L’affaire est sans précédent. Le Bureau de recherches géologiques et minières (BRGM), un opérateur de l’Etat dont les études servaient de caution depuis vingt ans aux partisans de l’irrigation à outrance comme à l’Etat, vient, dans un communiqué de presse en date du 13 février, de faire voler en éclats la fable de la « scientificité » de ces fameuses études, qui lui avaient en fait été commandées par une coopérative d’irrigants du Marais Poitevin, dans le cadre des activités « commerciales » du BRGM, un établissement public industriel et commercial (EPIC) qui autofinance ainsi une partie de ses activités.
Ce « coming out » intervient dans un moment de vive tension entre les irrigants et l’Etat et les opposants aux mégabassines, qui préparent une nouvelle manifestation nationale le 25 mars prochain.
Il intervient dans un contexte où de nombreux scientifiques viennent de multiplier les critiques contre les « études » du BRGM, ce dont les medias, locaux et nationaux, se sont largement fait l’écho.
Il surgit alors que le 3 février dernier, dans le Marais, devant une salle comble qiu accueillait plus de 250 citoyen-ne-s, Anne-Morwenn Pastier, docteure en sciences de la Terre et auteure d’une thèse en hydrologie et géologie, exposait point par point les insuffisances du rapport du BRGM au sujet de l’impact des bassines sur les nappes d’eau souterraines et les cours d’eau.
La presse nationale, largement présente à une conférence de presse organisée à Paris le 30 janvier (Libération, Le Monde...), a également relayé en boucle cette contre-expertise durant plus d’une semaine. Ce serait un euphémisme de dire que cette première contre-expertise a fait mouche !

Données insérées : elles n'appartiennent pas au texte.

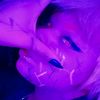 hayamicosplay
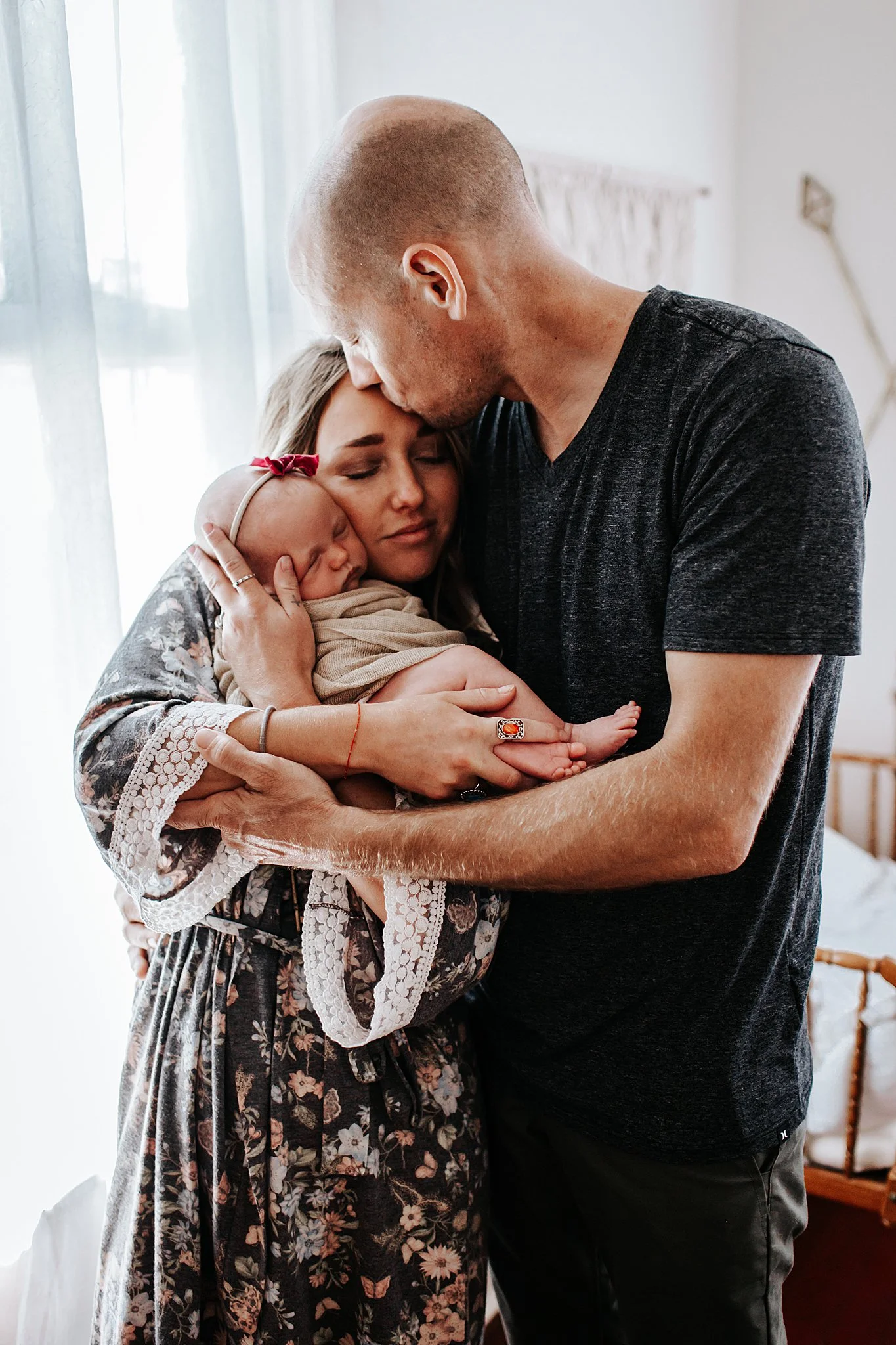 Kora-San-Antonio-Family-Photographer-22_WEB.jpg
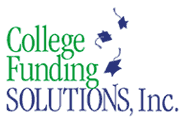 College Funding Solutions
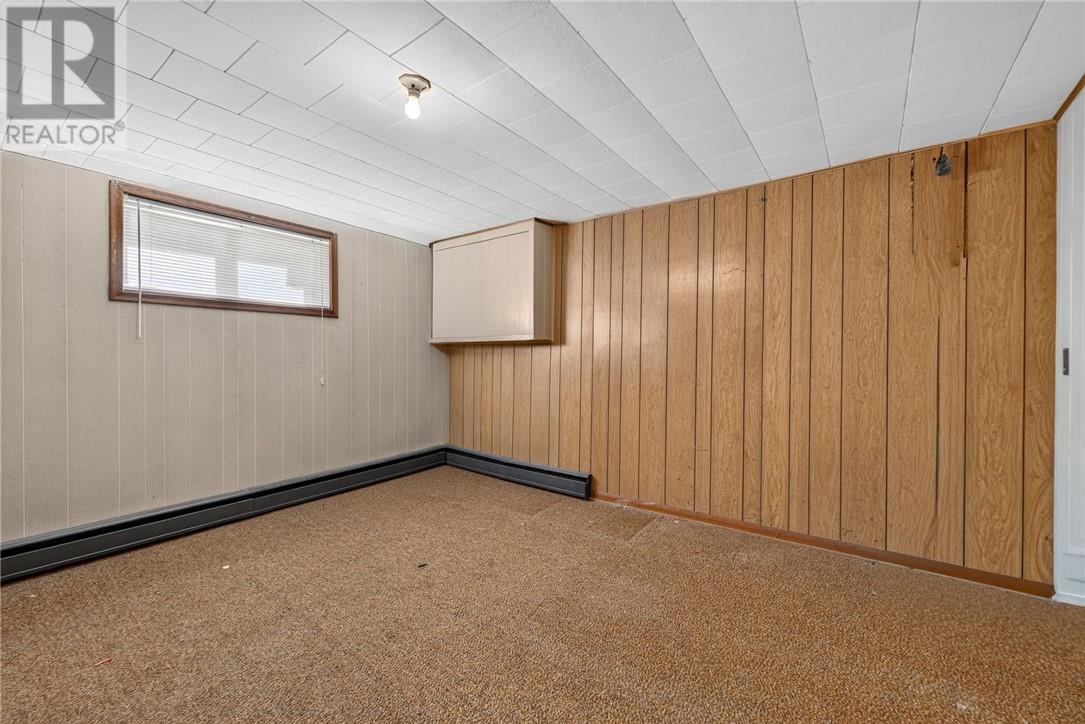 992 Martindale, Sudbury, Ontario  P3E 4J2 - Photo 24 - 2130541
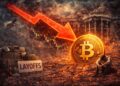 How Weakening US Labor Data Could Impact Bitcoin Market — Report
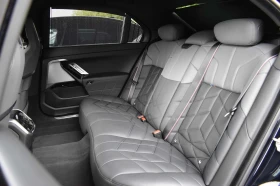 BMW 740 M sport xDrive Mhev | Mobile.bg    9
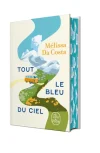Tout le bleu du ciel Edition collector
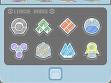 Badges Badges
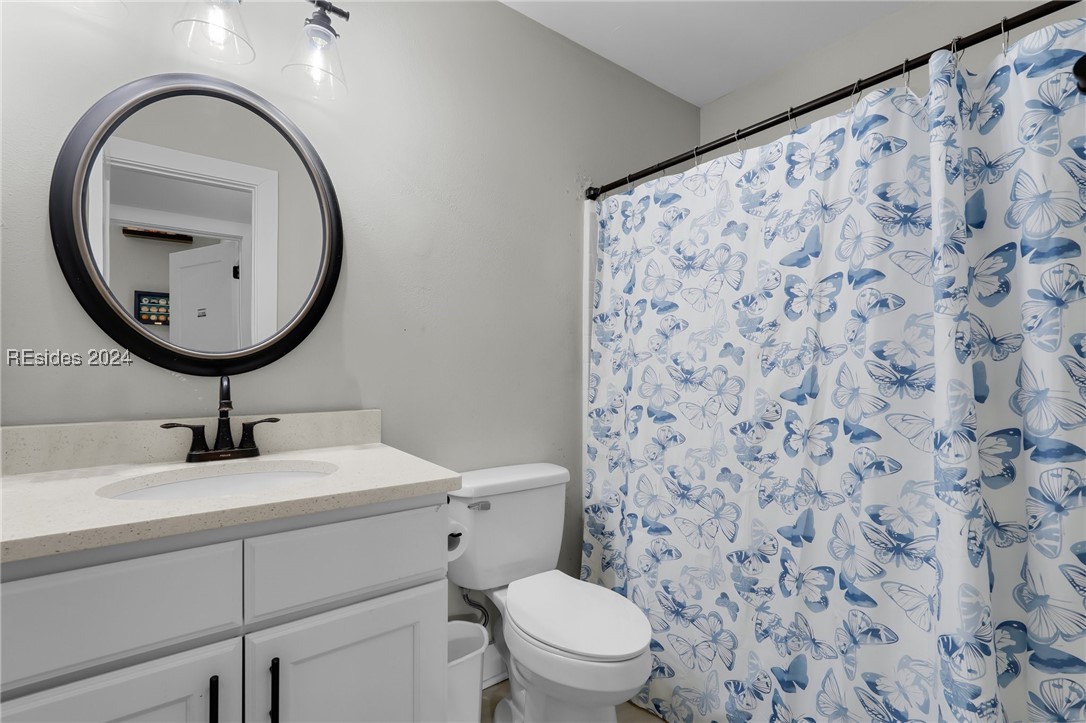 27 Arbor Lane, Saint Helena Island, South Carolina image 26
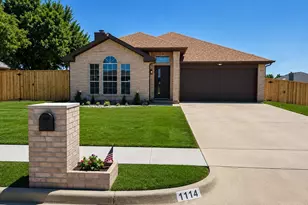 1114 Sage Brush Tr, Midlothian, TX 76065 - Photo 3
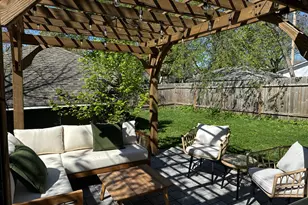 931 Iglehart Ave, Saint Paul, MN 55104 - Photo 38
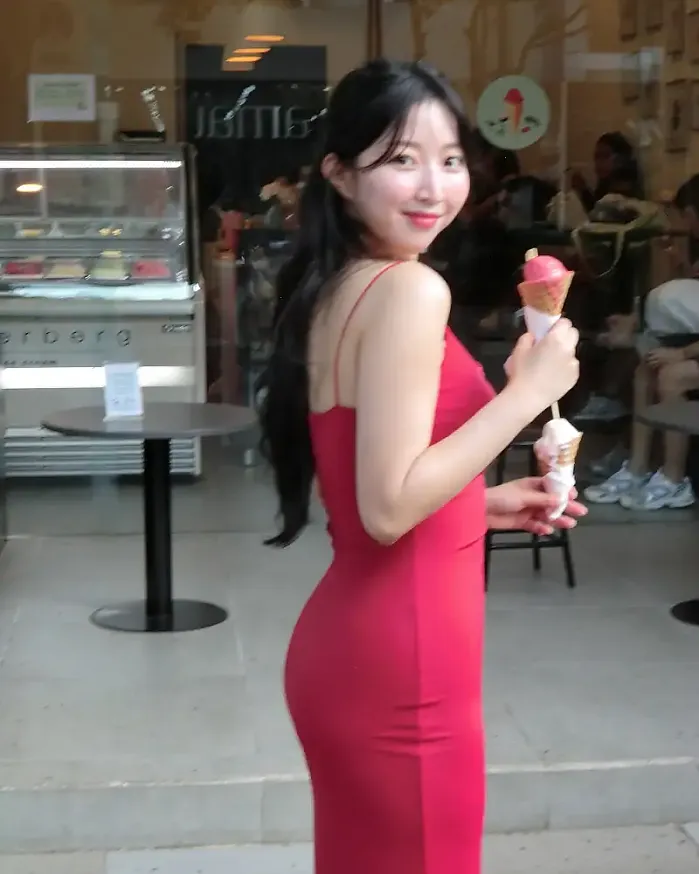 스토리에는 매일매일 preview @parkssunwoo.me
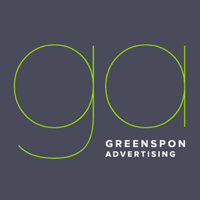 Greenspon Advertising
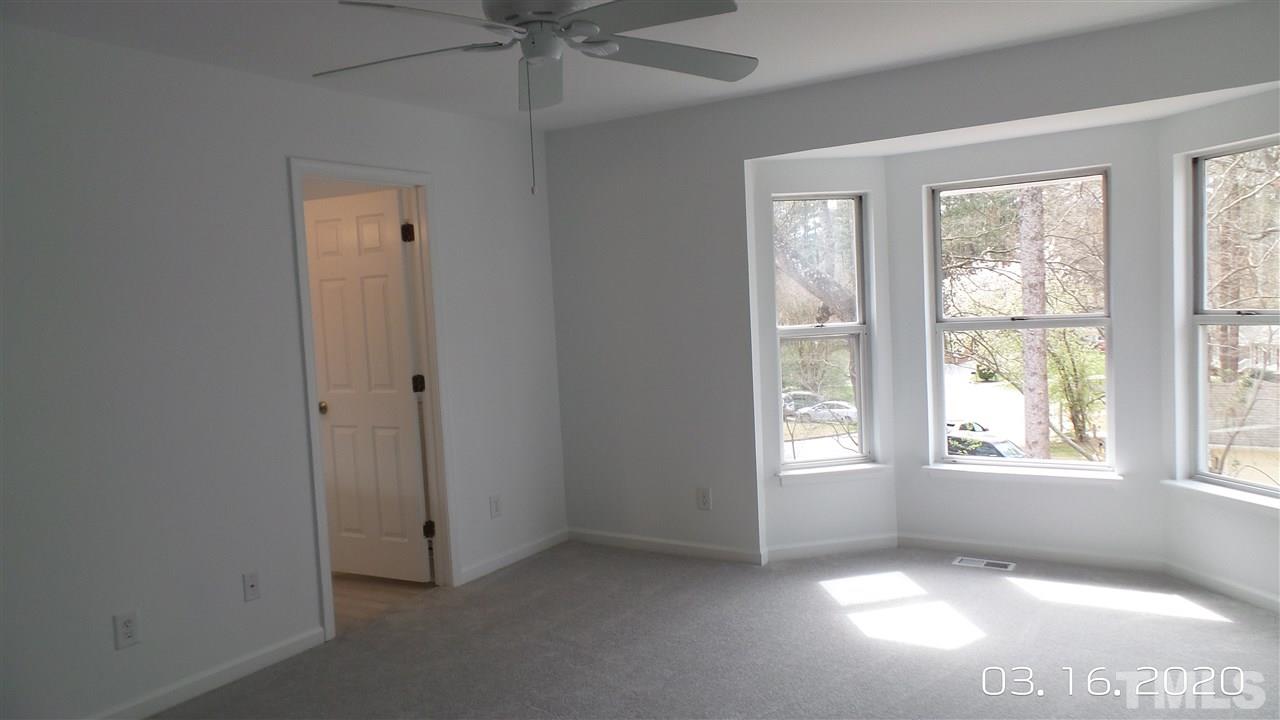 608 Chapwith Road Garner, NC 27529 - Photo 18 of 24 Gallery Image 18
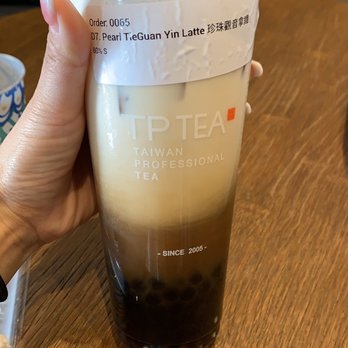 TP Tea - Bubble Tea Near Me - Cupertino, California TP Tea - Bubble Tea Near Me - Cupertino, California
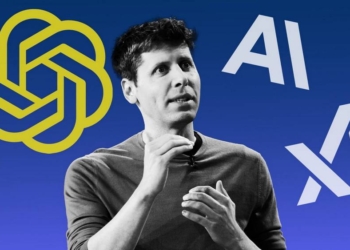 OpenAI 的獨家資金協議：要求投資者不能再投資 Anthropic、xAI 等競爭公司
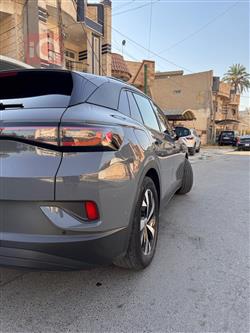 فولكسفاغن آي دي.4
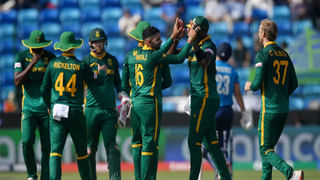 Pakistan: ఆ ఇద్దరిని జట్టులో నుంచి పీకేసారు.. మరి న్యూజీలాండ్ టూర్ కి దిక్కెవర్రా ఆజామూ?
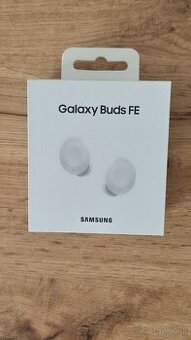 Samsung Galaxy Buds FE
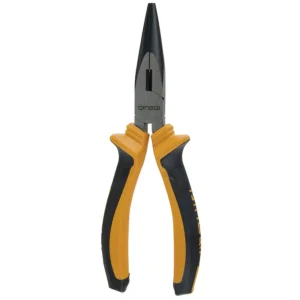 انبر دم باریک دینگشی مدل 23206 سایز 6 اینچ DiNGQi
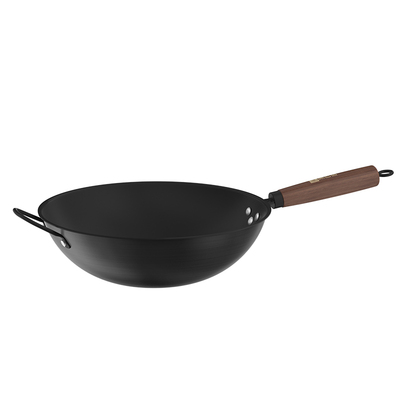 康巴赫官方正品假一罚十赠运费险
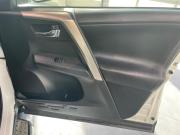 Toyota RAV4 IV (XA40) Стерлитамак  - изображение 47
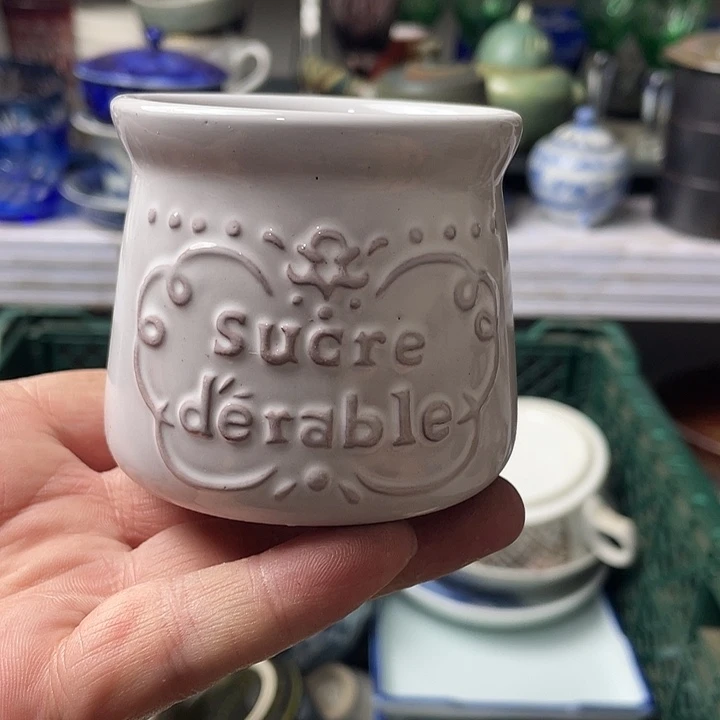 水滴瓷器水滴瓷器
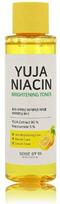 Some By Mi Yuja Niacin Brightening Toner 150 ml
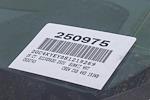 2025 Chevrolet Silverado 2500 Crew Cab 4WD Pickup for sale #250975 - photo 26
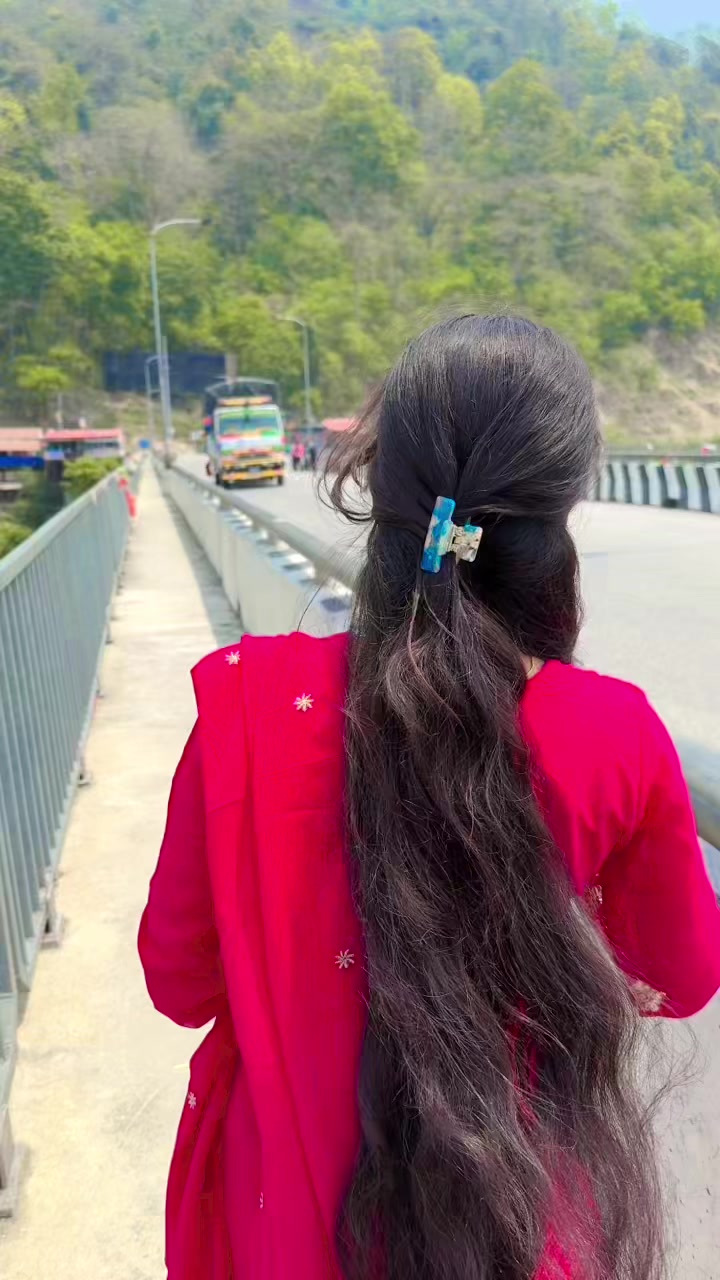 @Kanxha Das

Aussi le 13 février dernier, dans un communiqué de presse, le BRGM s’est résolu à préciser qu’il n’avait fait que répondre à une demande (commerciale) de la Société Anonyme de l’eau (la coopérative des irrigants) et de la CACG (Compagnie d’aménagement des côteaux de Gascogne) sur la base des éléments fournis par celles-ci, impliquant certaines limites à l’exercice !
Un aveu ravageur.
- Le BRGM concède ainsi que la période (2000-2011) « sur laquelle s’est basée son étude ne prend pas en compte les conditions météorologiques récentes et encore moins futures » en faisant référence aux périodes des sécheresses hivernales qui vont s’amplifier. Le BRGM estime pourtant qu’il est important de prendre en compte les évolutions climatiques en cours.
– Le BRGM reconnaît ensuite, contrairement à son tweet du 9 août 2022, que son étude ne concerne pas les impacts à une échelle très locale.
– Enfin le BRGM y précise que « son rapport n’est pas une étude approfondie, ni une étude d’impact de toutes les conséquences possibles des prélèvements d’eau envisagés.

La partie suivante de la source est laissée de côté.